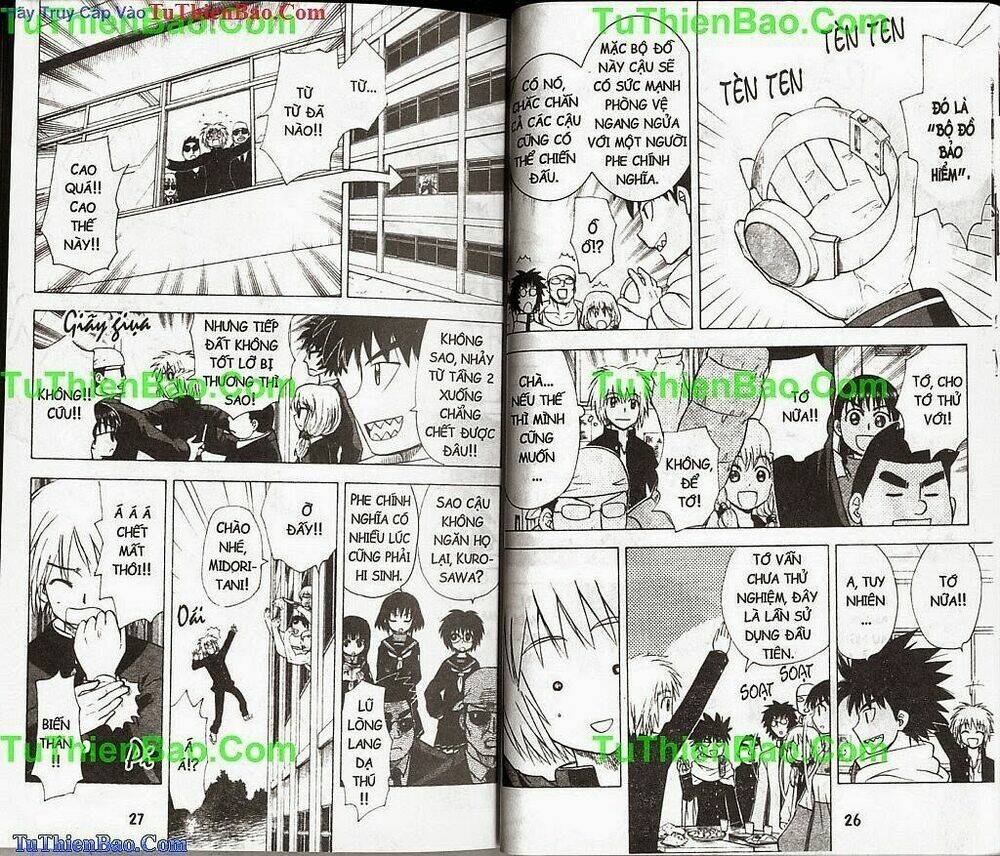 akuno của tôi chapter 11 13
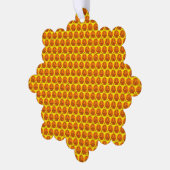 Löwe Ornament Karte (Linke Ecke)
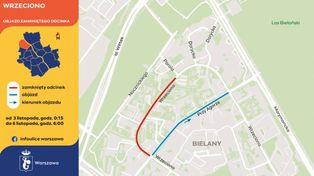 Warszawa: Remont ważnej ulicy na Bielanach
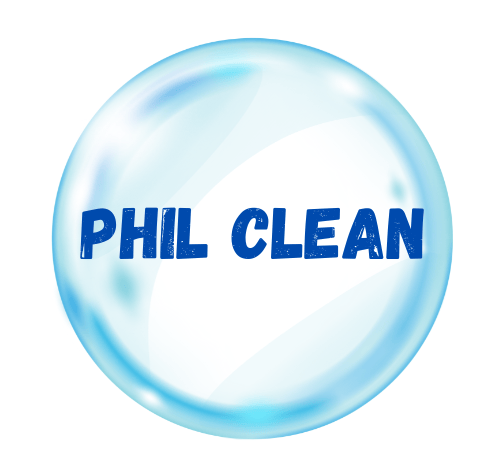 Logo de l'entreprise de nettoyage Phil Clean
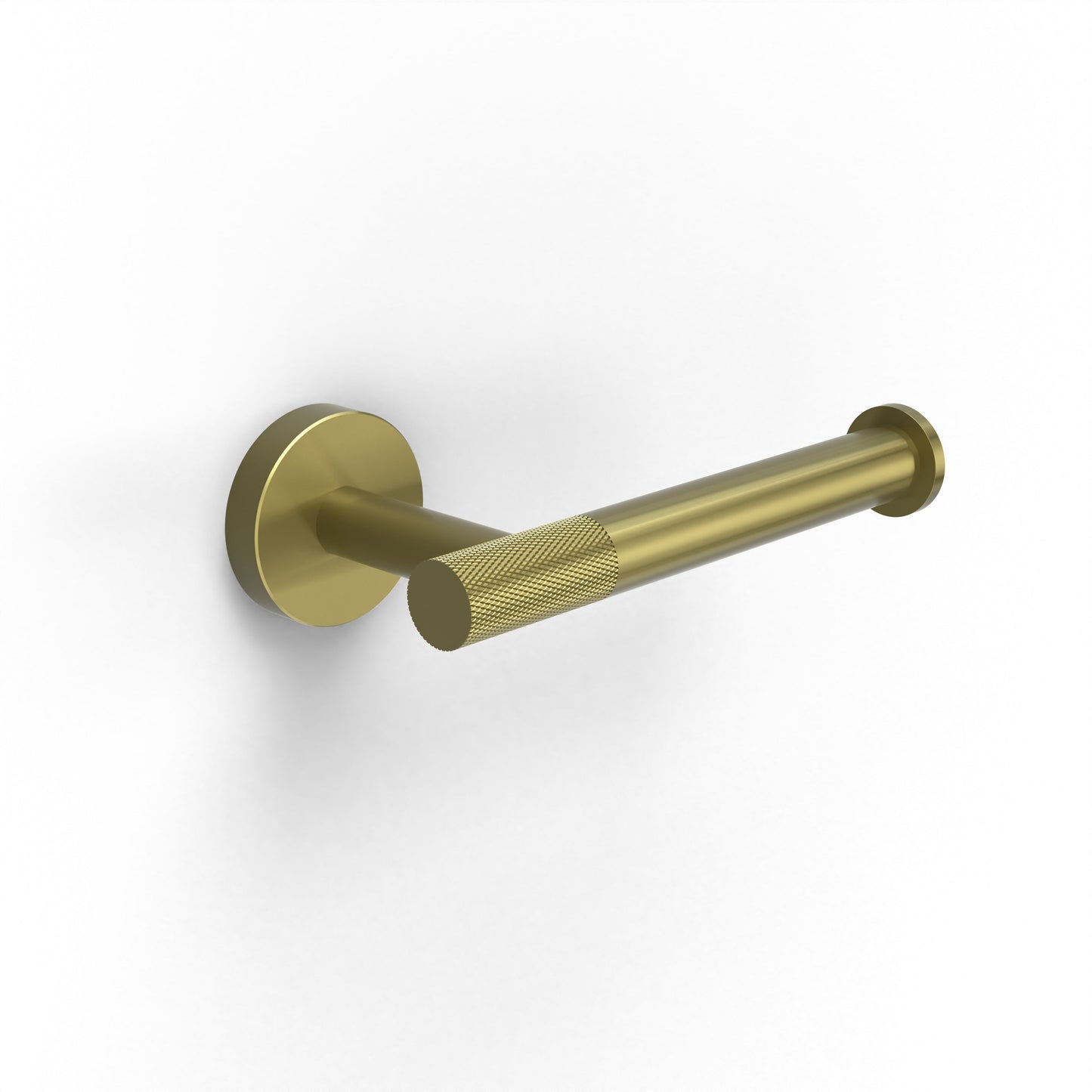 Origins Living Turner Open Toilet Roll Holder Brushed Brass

What is expected
Word-for-word transcription: the whole listing, with images excluded.

Your response
 akuno của tôi chapter 11 13
 Löwe Ornament Karte (Linke Ecke)
 Warszawa: Remont ważnej ulicy na Bielanach
 Logo de l'entreprise de nettoyage Phil Clean
 Origins Living Turner Open Toilet Roll Holder Brushed Brass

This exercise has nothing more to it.